**SUPPLIED INFORMATION**.
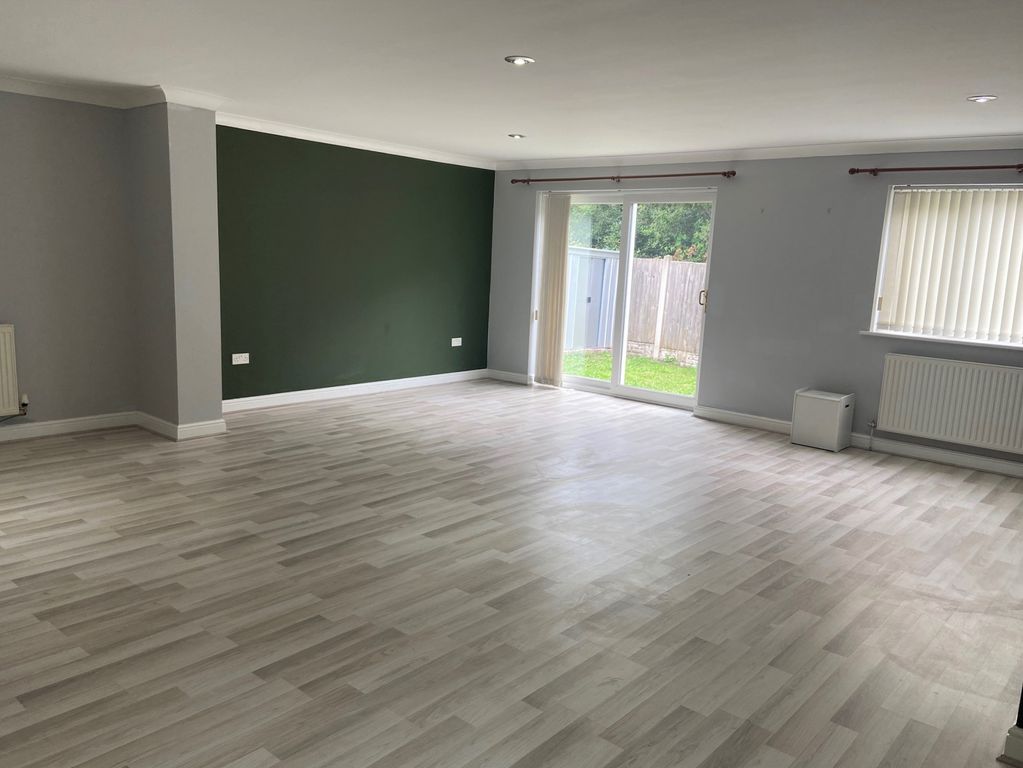 Property photo 3 of 11 Living Room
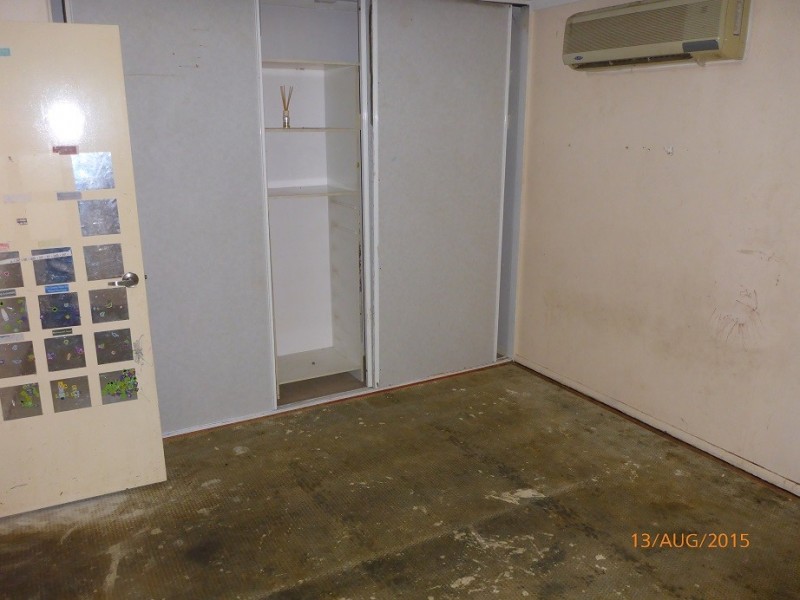 1 Burrowa St, Armadale WA 6112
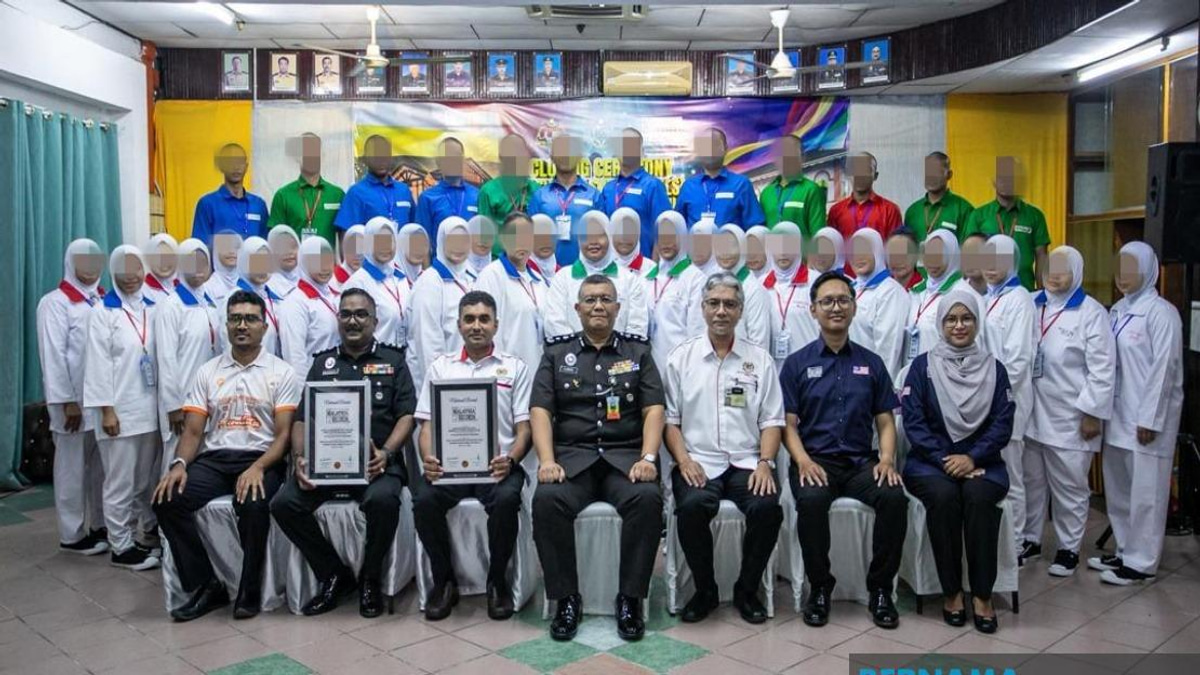 Home Minister Praises Prisons Department for Life-Saving Training Record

**REQUIRED WORK**. Could you write out the whole listing exactly, skipping every picture?

**TASK OUTPUT**.
 Property photo 3 of 11 Living Room
 1 Burrowa St, Armadale WA 6112
 Home Minister Praises Prisons Department for Life-Saving Training Record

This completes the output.